→ **GOAL OF THE EXERCISE**: Give every line of the data again, unchanged, but with no pictures.

Start of DATA FOR PROCESSING

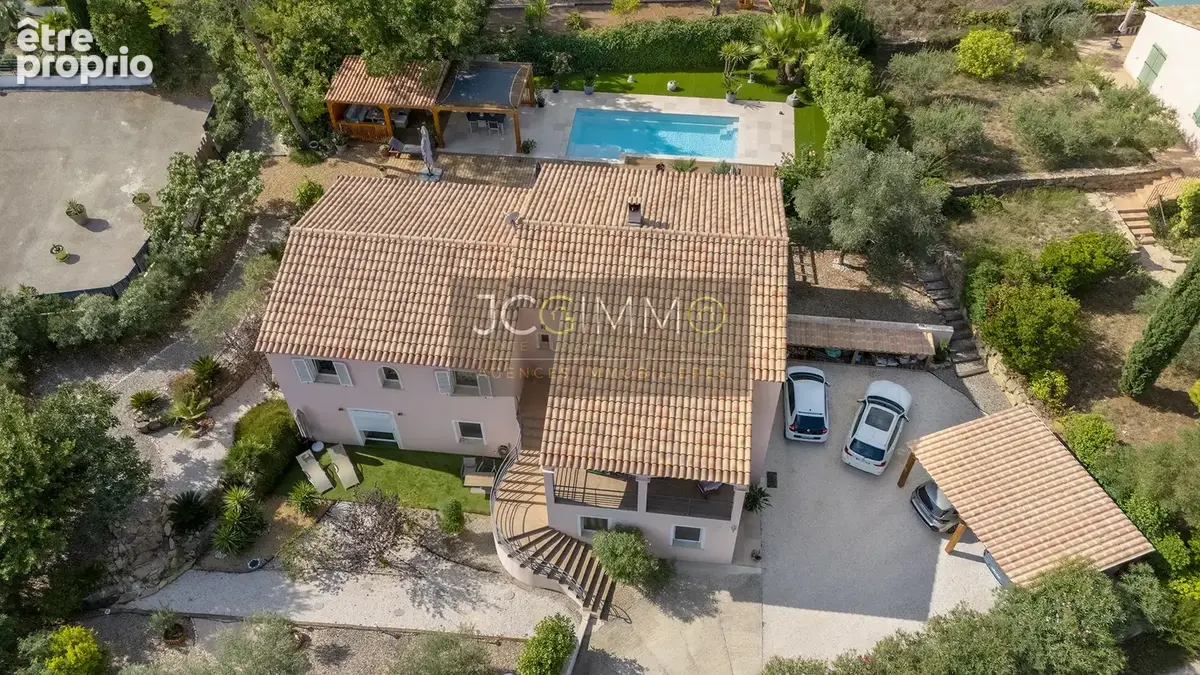 Cuers (valcros) - maison individuelle 292 m2 - garage - piscine - pool house - t2 independant - terrain 2006 m - photo 25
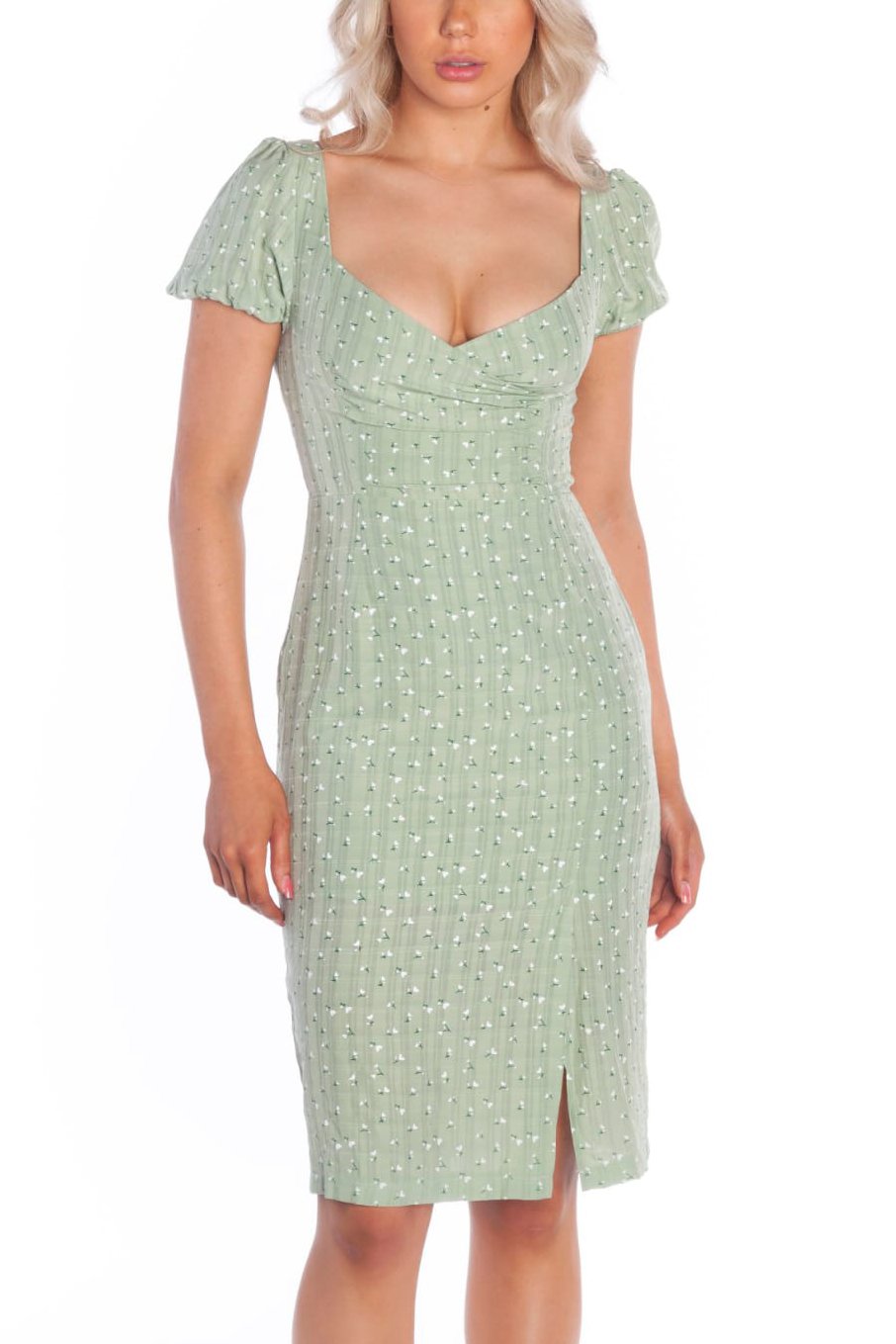 Primrose Dress | Green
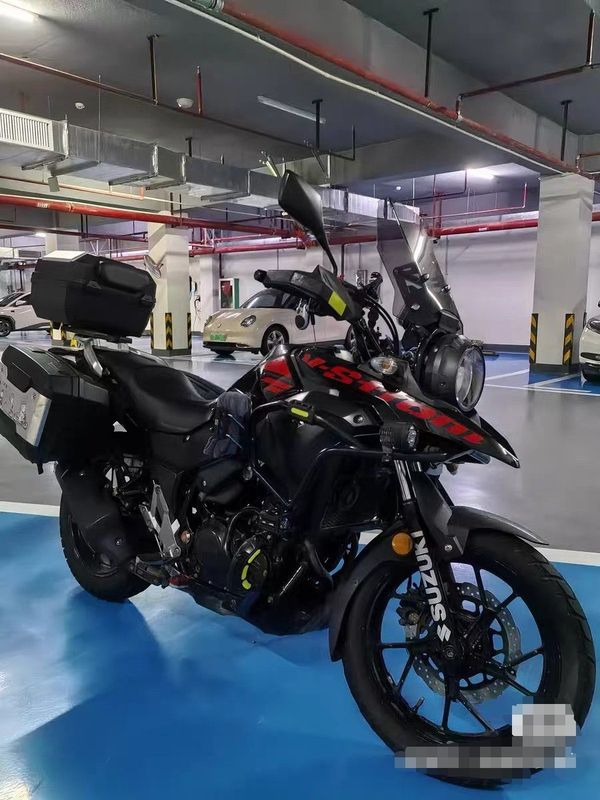 豪爵铃木 DL250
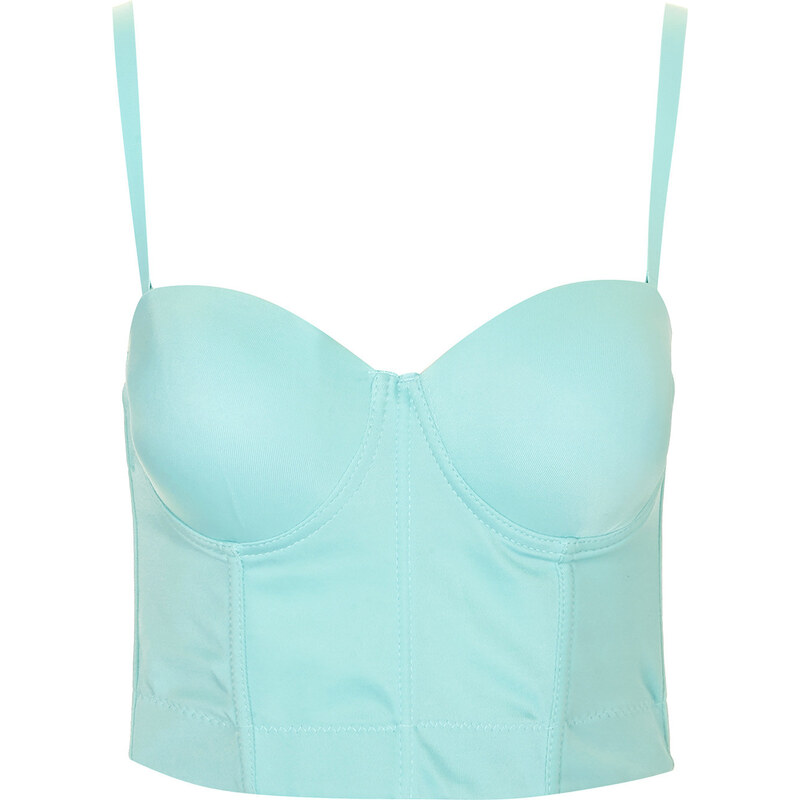 Topshop **Bandeau Structured Bralet by Rare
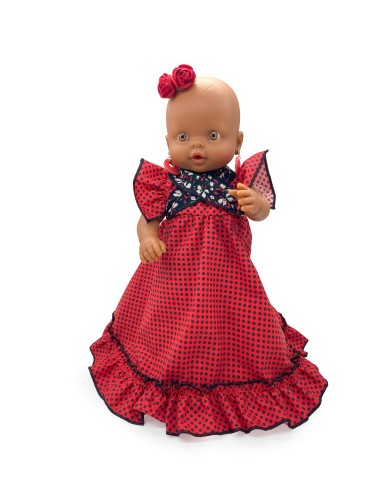 muñeca flamenca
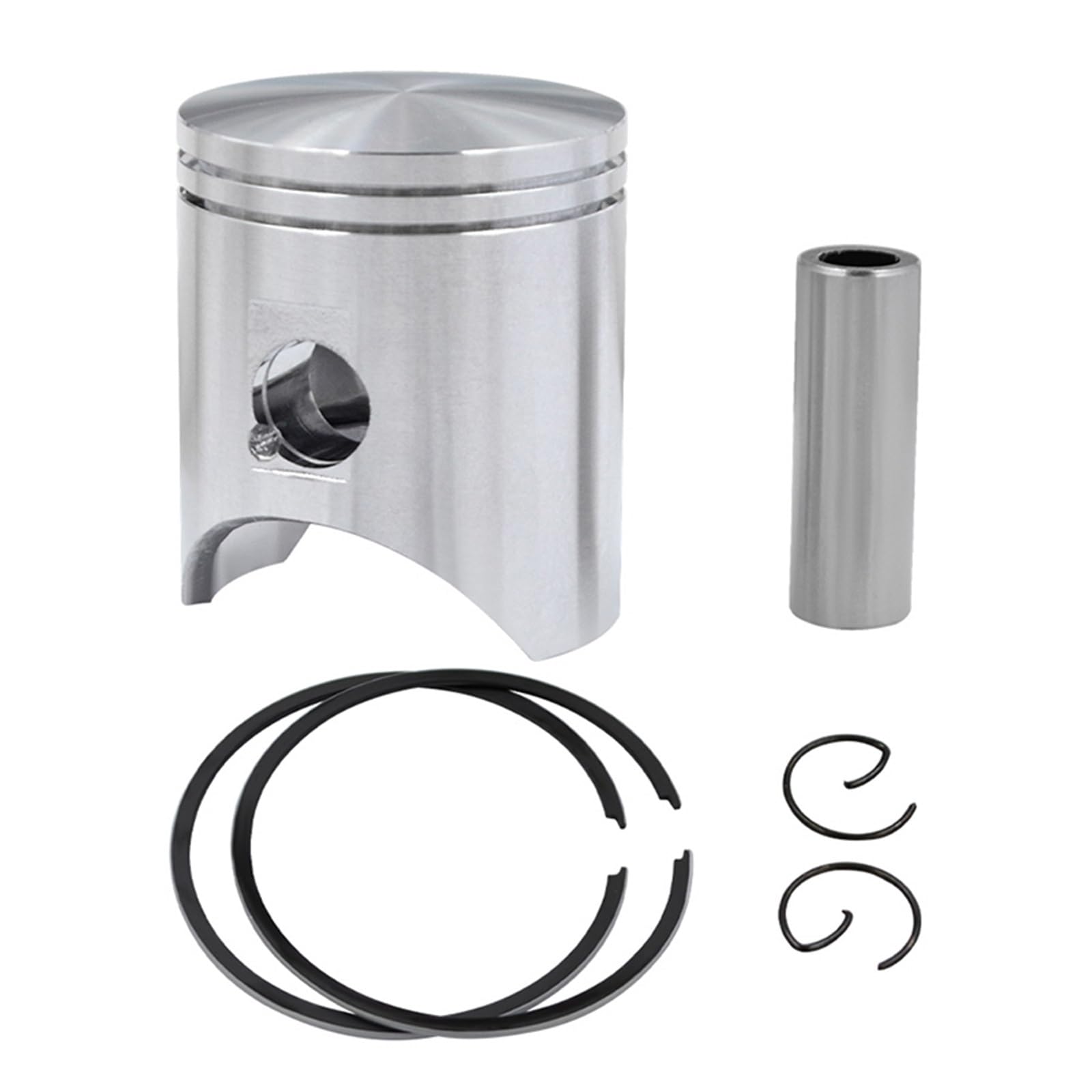 1/2 Juego Aros Pistón Motor Motocicleta, Tamaño Estándar 54 Mm para NSR250 P1 P2 P3 NSR 250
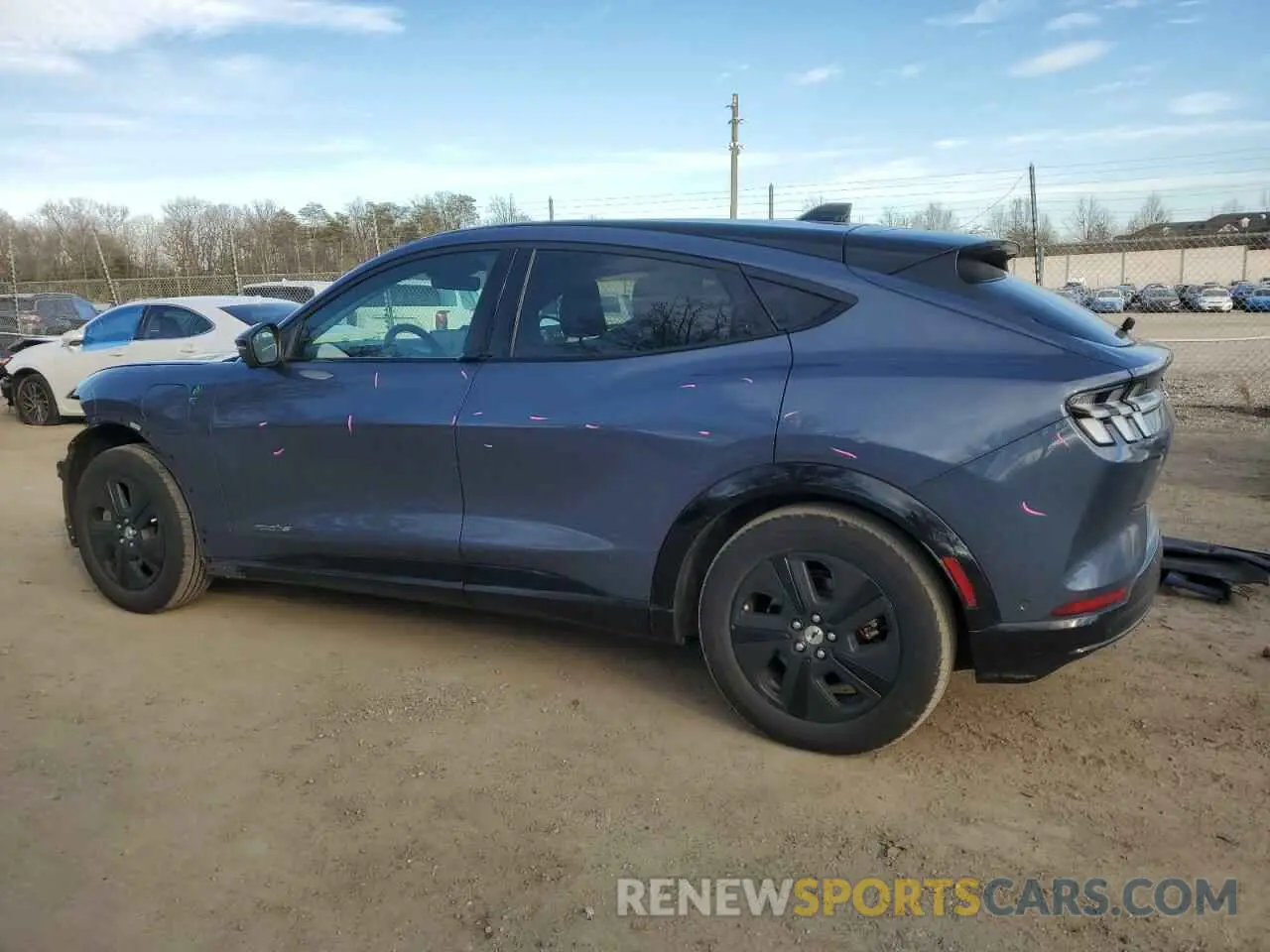 2 Photograph of a damaged car 3FMTK2R75MMA42035 FORD MUSTANG 2021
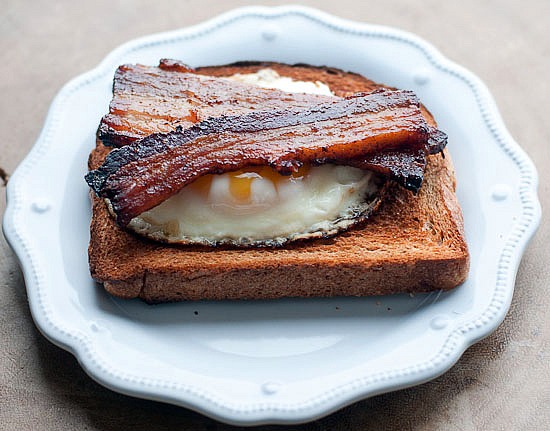 bacon sandwich 2 bacon sandwich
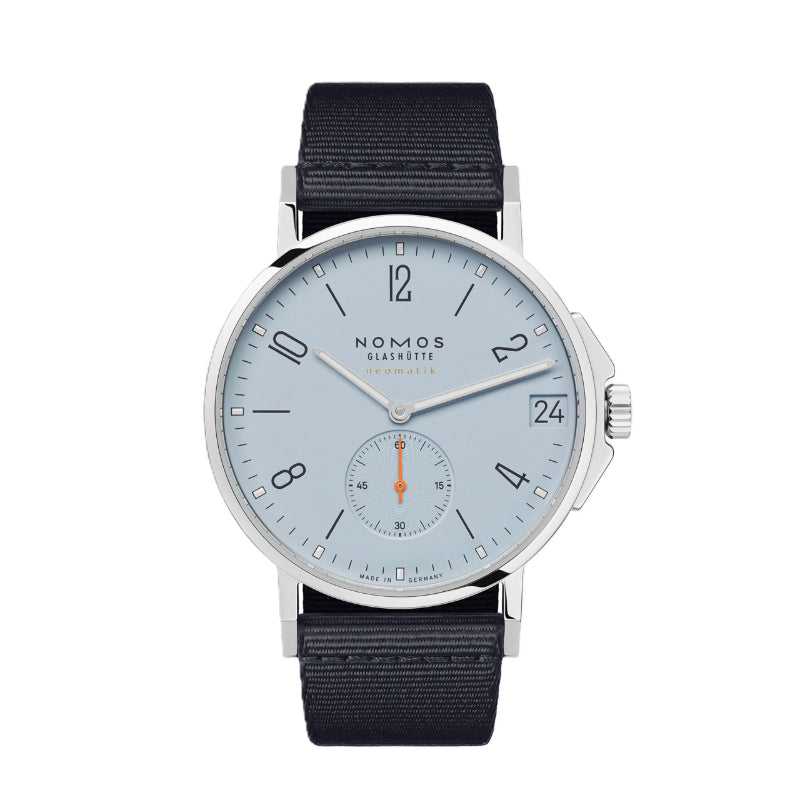 NOMOS Glash&uuml;tte Ahoi Neomatik 38 Date Sand Watch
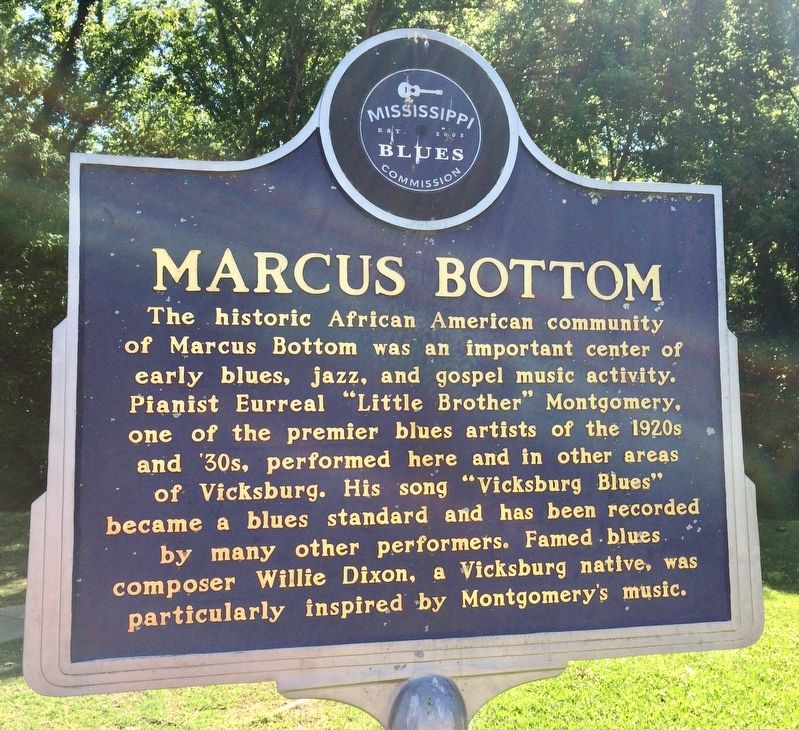Marcus Bottom Marker (front) image. Click for full size.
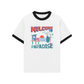 Áo Thun Ringer Relaxed Fit Welcome To Paradise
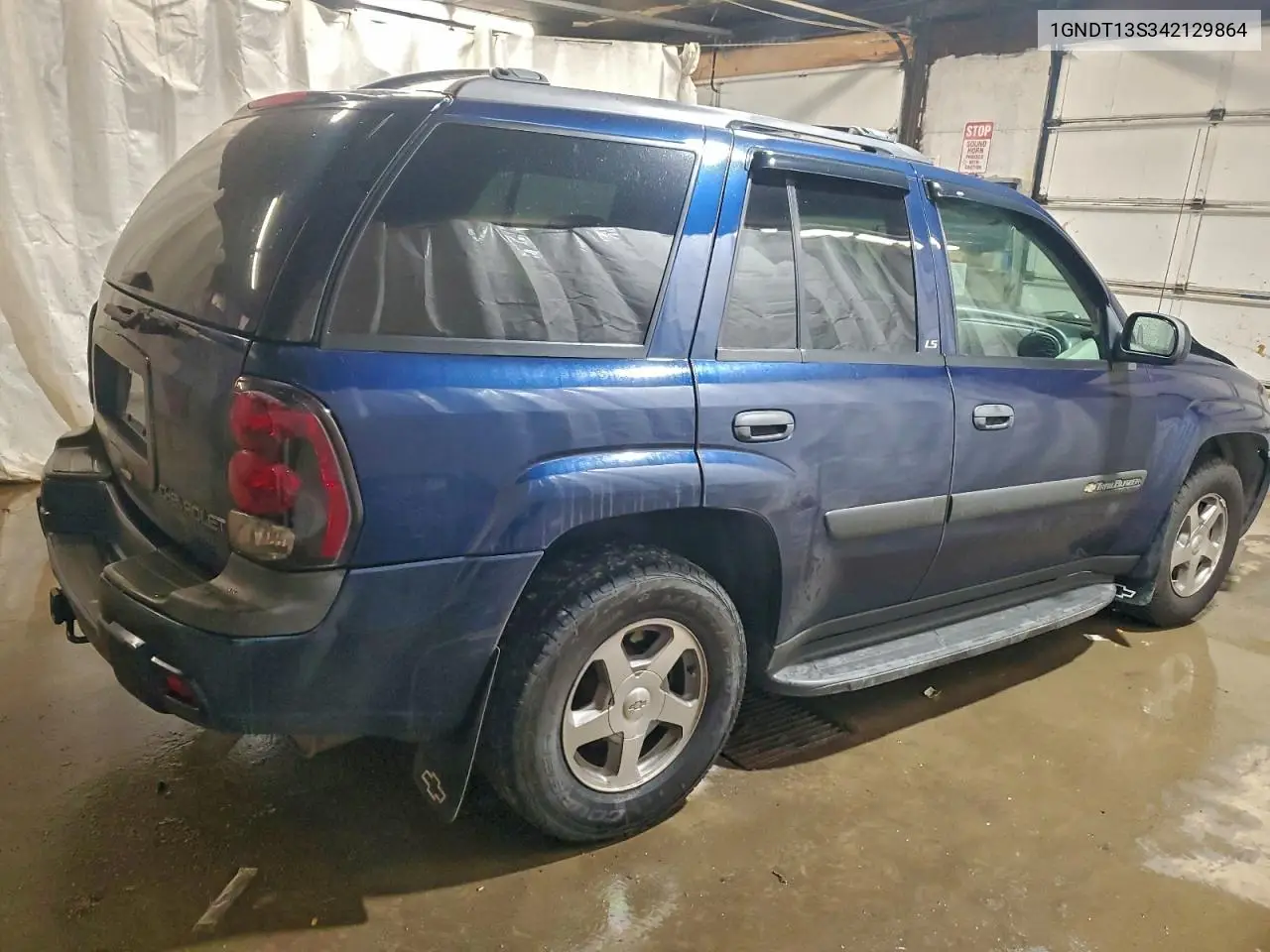 1GNDT13S342129864 2004 Chevrolet Trailblazer Ls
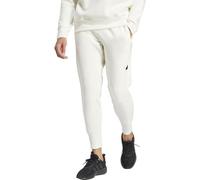 adidas Mens Z.N.E. Joggers Off White L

End of DATA FOR PROCESSING

→ **SOLVED EXERCISE**:
 Cuers (valcros) - maison individuelle 292 m2 - garage - piscine - pool house - t2 independant - terrain 2006 m - photo 25
 Primrose Dress | Green
 豪爵铃木 DL250
 Topshop **Bandeau Structured Bralet by Rare
 muñeca flamenca
 1/2 Juego Aros Pistón Motor Motocicleta, Tamaño Estándar 54 Mm para NSR250 P1 P2 P3 NSR 250
 2 Photograph of a damaged car 3FMTK2R75MMA42035 FORD MUSTANG 2021
 bacon sandwich 2 bacon sandwich
 NOMOS Glash&uuml;tte Ahoi Neomatik 38 Date Sand Watch
Marcus Bottom Marker (front) image. Click for full size.
 Áo Thun Ringer Relaxed Fit Welcome To Paradise
 1GNDT13S342129864 2004 Chevrolet Trailblazer Ls
 adidas Mens Z.N.E. Joggers Off White L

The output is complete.